ML4: Classification Strategies

This project shifts the focus from predicting continuous values to solving classification problems. I explored how to teach algorithms to categorize data, distinguish "lemon" cars from good ones, and evaluate these decisions using industry-standard metrics.

Topics

Classification Models: Implementing Logistic Regression, Naive Bayes (NB), and K-Nearest Neighbors (KNN).
Probabilistic Framework: Understanding Maximum Likelihood Estimation (MLE) and Sigmoid activation.
Non-linear Hacks: Transforming features via binning, polynomial expansion, and group-based mapping to enhance linear models.
Evaluation Matrix: Mastering Confusion Matrices, Precision-Recall trade-offs, and F-beta scores.
Global Metrics: Implementing ROC AUC and Gini Coefficient from scratch.

Roadmap

1. The Algorithmic Triple Threat

I implemented and compared three distinct classification philosophies:

Logistic Regression: Derived the Negative Log-Likelihood (NLL) gradient and built a custom SGD-based solver.
Naive Bayes: Leveraged Bayesian inference and feature independence assumptions for rapid, count-based classification.
KNN: Explored memory-based learning and the "curse of dimensionality," emphasizing the importance of feature scaling.

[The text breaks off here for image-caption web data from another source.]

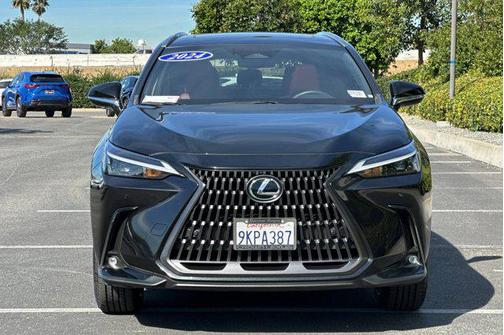 2024 Lexus NX 350h Premium
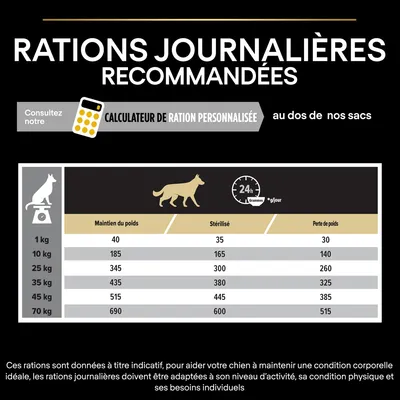 Tableau des rations journalières recommandées pour chiens selon poids : maintien du poids, stérilisé, perte de poids. Exemple : 10 kg – 185 g, 165 g, 140 g. Calculateur de ration personnalisée mentionné.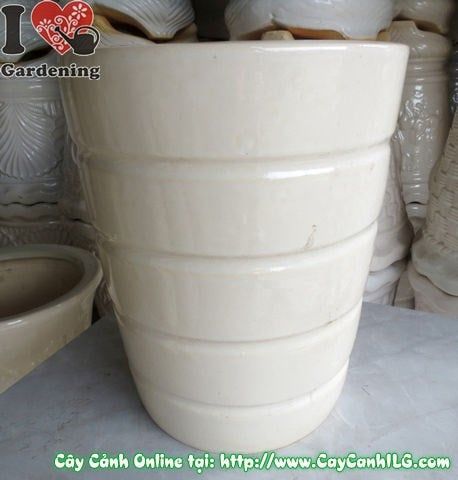 Chậu Giỏ Men Trắng – Ý Nghĩa, Cách Bảo Quản & Mua Bán Sỉ Lẻ Giá Tốt Tại TP.HCM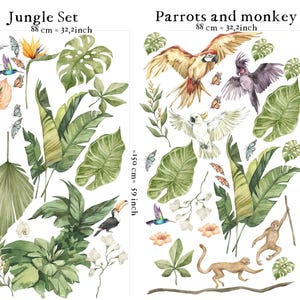 calcomanías de la selva para guardería, pegatinas de la selva, calcomanías de pared para guardería, calcomanías para habitación infantil, calcomanía de mariposa, calcomanía de pájaros tropicales, imagen 3
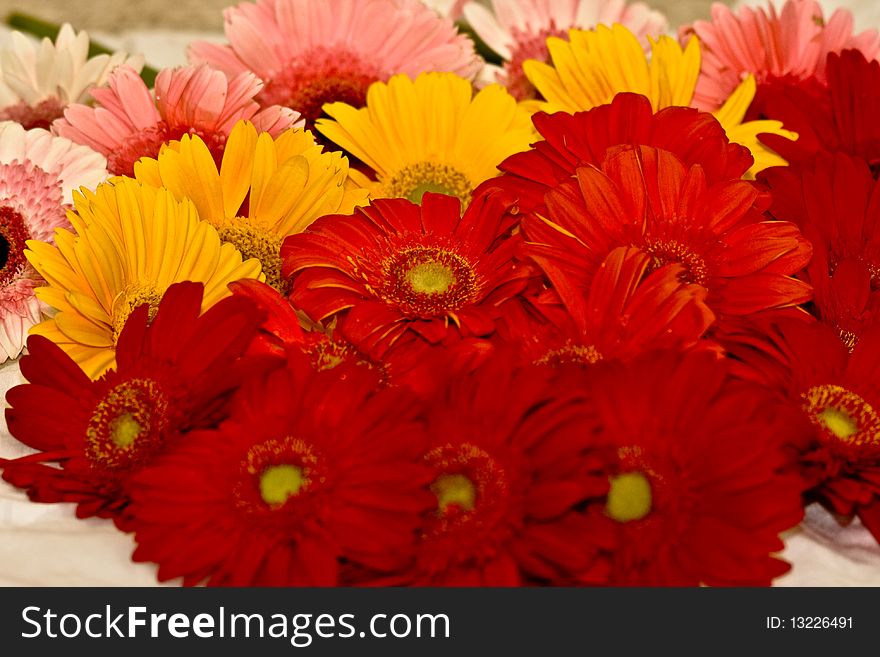 Colorful gerberas on a spring morning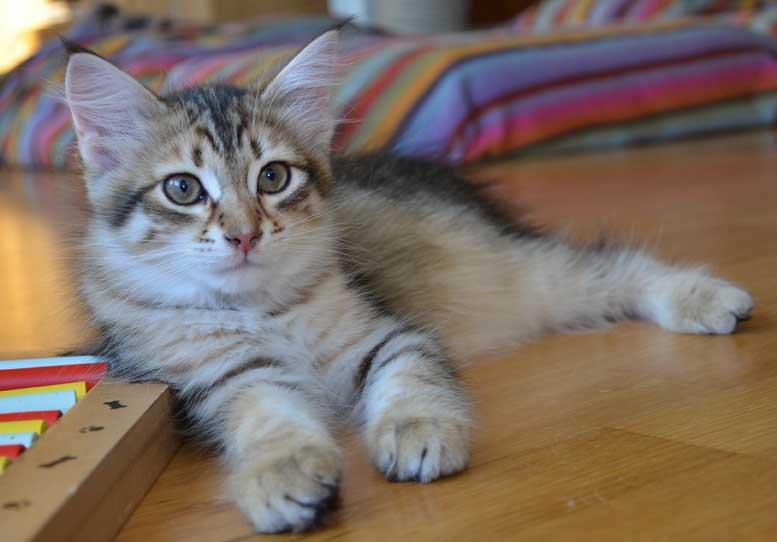 sibirisk kattunge Rocco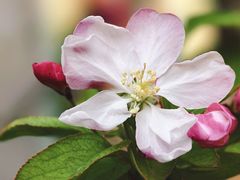 -创艺无限·赵春香微妙艺术馆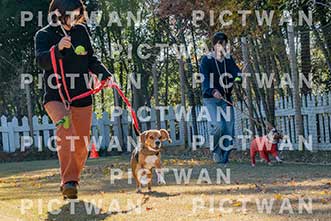 【データ販売】bhf：K180|［イベント］Beagle Houseファミリー会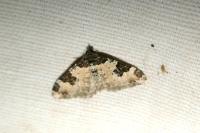 Xanthorhoe fluctuata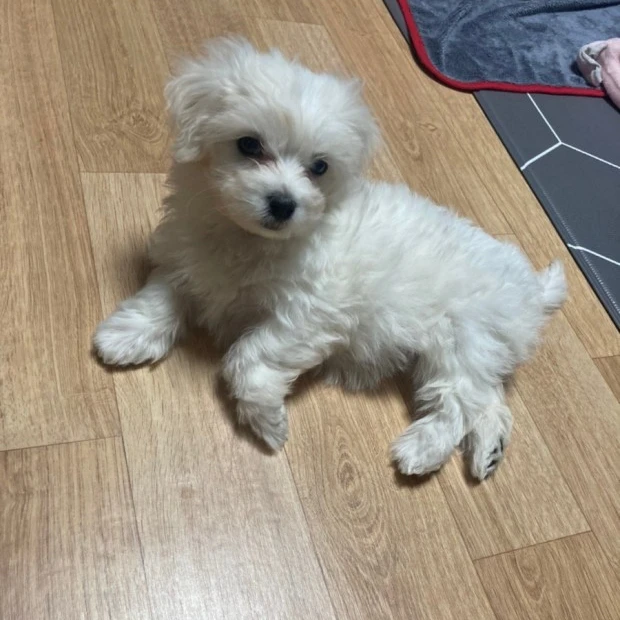 동물 유치원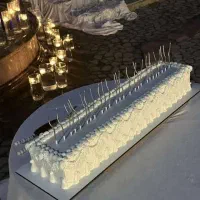 دو عدد ماکت کیک مستطیلی مناسب کیک متری|مجسمه، تندیس، ماکت|بیرجند, |دیوار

2. Temporal Validation Strategy

Using the Don’t Get Kicked Kaggle dataset, I implemented a strict chronological split (Train < Valid < Test). This ensured the model was tested on a genuine "future" timeframe, preventing temporal data leakage.

3. Engineering Interpretability

I practiced the "Credit Scorecard" approach: transforming continuous variables into categorical bins. This non-linear transformation allows simple logistic models to capture complex dependencies while remaining 100% explainable to stakeholders.

4. Deep Dive into Metrics

I moved beyond simple Accuracy to more nuanced metrics:

Precision vs. Recall: Analyzed which error (False Positive vs. False Negative) is more costly for "lemon" car detection.
Gini Coefficient: Manually implemented the Gini score ($2 \cdot AUC - 1$) and validated it against sklearn benchmarks, achieving the project's target of >0.15.

Results

By comparing my custom implementations with sklearn models, I achieved consistent results across all datasets. The project concluded with a hyperparameter tuning phase where I optimized the balance between model complexity (via L1 regularization) and predictive power.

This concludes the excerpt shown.